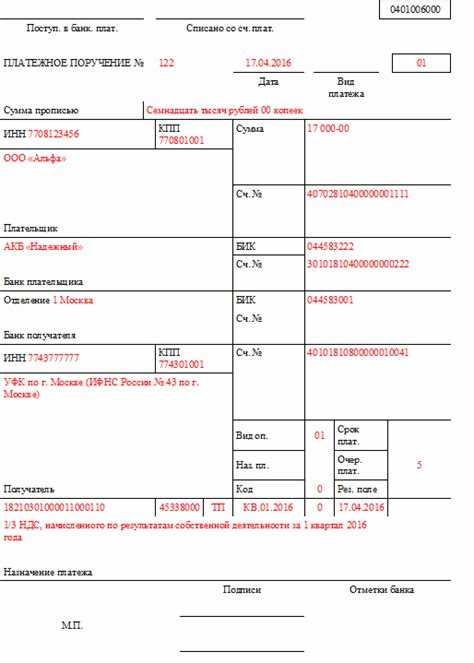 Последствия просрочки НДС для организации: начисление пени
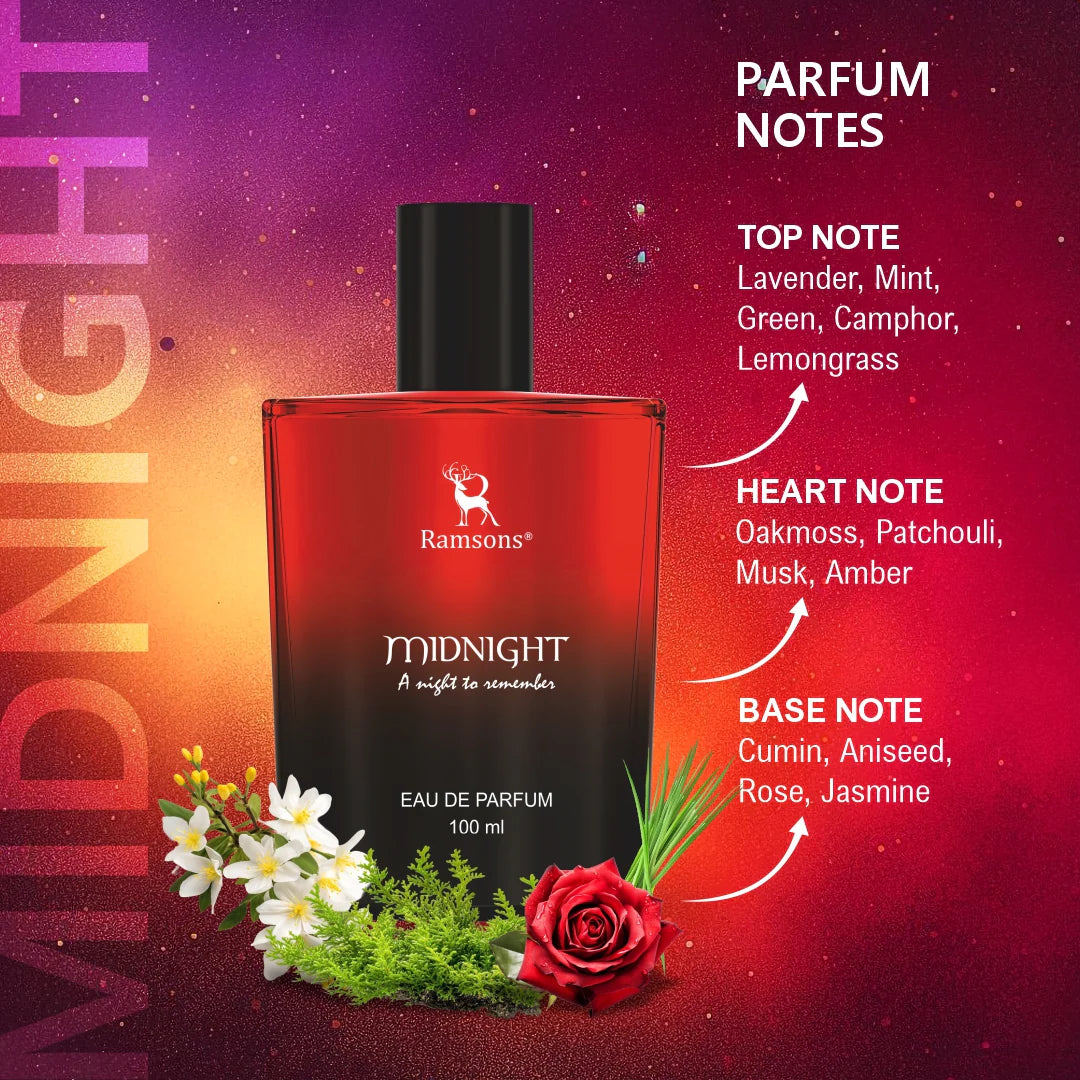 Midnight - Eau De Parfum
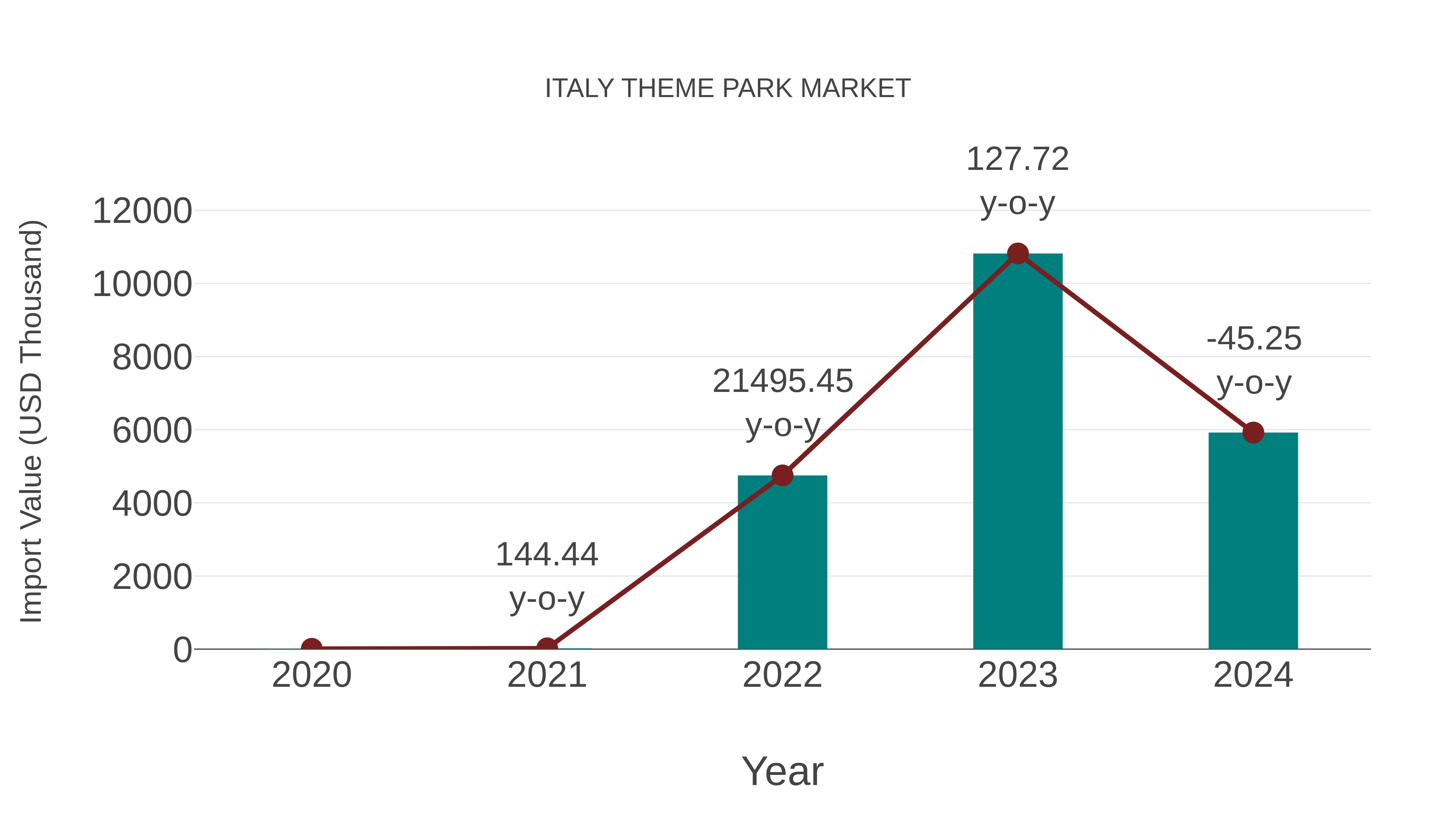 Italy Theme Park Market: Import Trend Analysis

■ **Instructions for the task**:
Copy out all the data above exactly as written. Skip the pictures.

■ **Solved problem**:
 Последствия просрочки НДС для организации: начисление пени
 Midnight - Eau De Parfum
 Italy Theme Park Market: Import Trend Analysis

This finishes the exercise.